Can't install Azure IoT Operations on the isolated cluster

You can't install Azure IoT Operations components on nested layers. For example, Layered Network Management on level 4 is running but can't install Azure IoT Operations on level 3.

  1. Verify the nodes can access the Layered Network Management service running on parent level. For example, run ping <IP-ADDRESS-L4-LNM> from the node.

  2. Verify the DNS queries are being resolved to the Layered Network Management service running on the parent level using the following commands:

    nslookup management.azure.com
    

    DNS should respond with the IP address of the Layered Network Management service.

  3. If the domain is being resolved correctly, verify the domain is added to the allowlist. For more information, see Check the allowlist of Layered Network Management.

  4. Capture and investigate a network packet trace. For more information, see capture Layered Network Management packet trace.

A pod fails when installing Azure IoT Operations on an isolated cluster

When installing the Azure IoT Operations components to a cluster, the installation starts and proceeds. However, initialization of one or few of the components (pods) fails.

  1. Identify the failed pod

    kubectl get pods -n azure-iot-operations
    
  2. Get details about the pod:

    kubectl describe pod [POD NAME] -n azure-iot-operations
    
  3. Check the container image related information. If the image download fails, check if the domain name of download path is on the allowlist. For example:

    Warning  Failed  3m14s  kubelet  Failed to pull image "…
    

Check the allowlist of Layered Network Management

Layered Network Management blocks traffic if the destination domain isn't on the allowlist.
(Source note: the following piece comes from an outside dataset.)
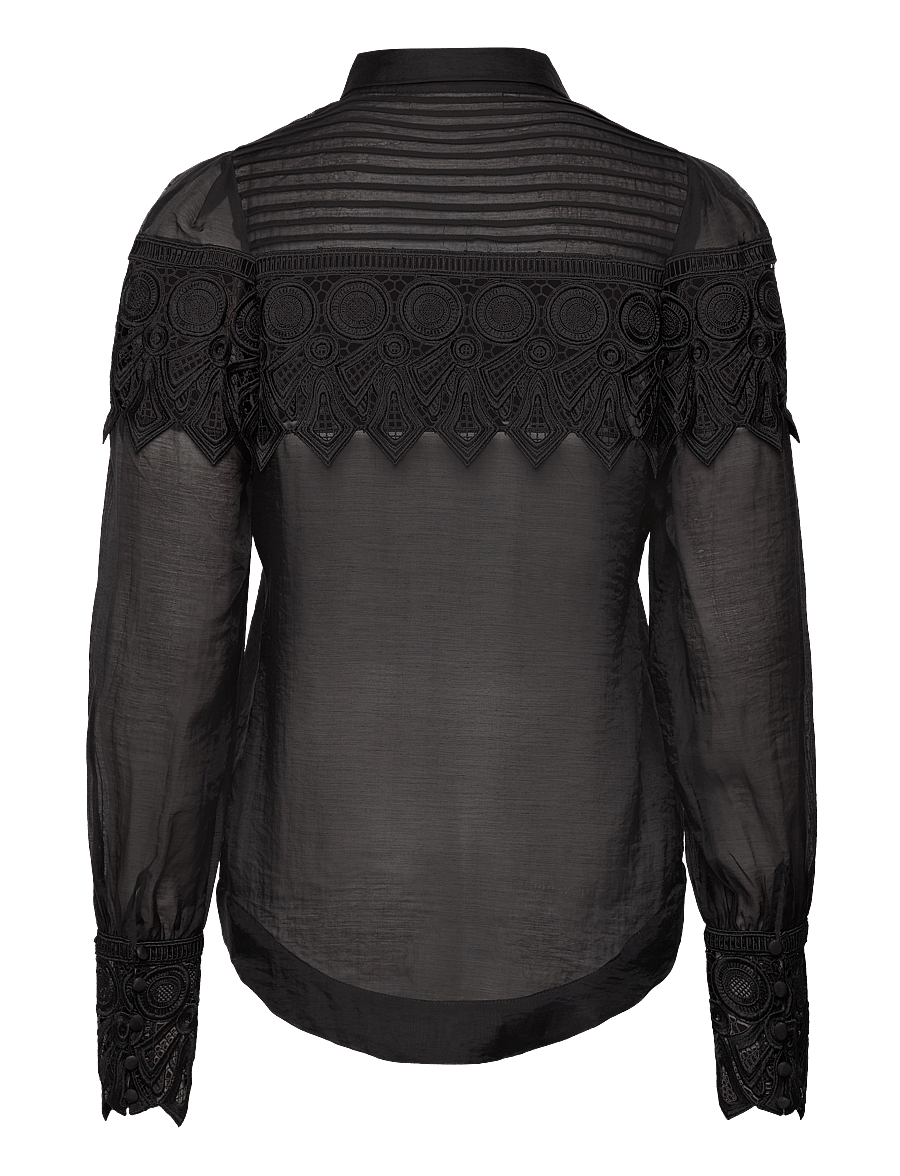 Copenhagen Muse - CMULTRA-SHIRT - black - 1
  1. Run the following command to list the config maps.

    kubectl get cm -n azure-iot-operations
    
  2. The output should look like the following example:

    NAME                           DATA   AGE
    aio-lnm-level4-config          1      50s
    aio-lnm-level4-client-config   1      50s
    
  3. The xxx-client-config contains the allowlist. Run:

    kubectl get cm aio-lnm-level4-client-config -o yaml
    
  4. All the allowed domains are listed in the output.

Capture Layered Network Management packet trace

In some cases, you might suspect that Layered Network Management instance at the parent level isn't forwarding network traffic to a particular endpoint. Connection to a required endpoint is causing an issue for the service running on your node. It's possible that the service you enabled is trying to connect to a new endpoint after an update. Or you're trying to install a new Arc extension or service that requires connection to endpoints that aren't on the default allowlist. Usually there would be information in the error message to notify the connection failure. However, if there's no clear information about the missing endpoint, you can capture the network traffic on the child node for detailed debugging.

Windows host

  1. Install Wireshark network traffic analyzer on the host.
  2. Run Wireshark and start capturing.
  3. Reproduce the installation or connection failure.
  4. Stop capturing.

Linux host

  1. Run the following command to start capturing:

    sudo tcpdump -W 5 -C 10 -i any -w AIO-deploy -Z root
    
  2. Reproduce the installation or connection failure.

  3. Stop capturing.

Analyze the packet trace

Use Wireshark to open the trace file. Look for connection failures or unresponsive connections.

  1. Filter the packets with the ip.addr == [IP address] parameter. Input the IP address of your custom DNS service address.
  2. Review the DNS query and response, check if there's a domain name that isn't on the allowlist of Layered Network Management.

Operations experience

To sign in to the operations experience web UI, you need a Microsoft Entra ID account with at least contributor permissions for the resource group that contains your Kubernetes - Azure Arc instance.

If you receive one of the following error messages:

  • A problem occurred getting unassigned instances
  • Message: The request is not authorized
  • Code: PermissionDenied

Verify your Microsoft Entra ID account meets the requirements in the prerequisites section for operations experience access.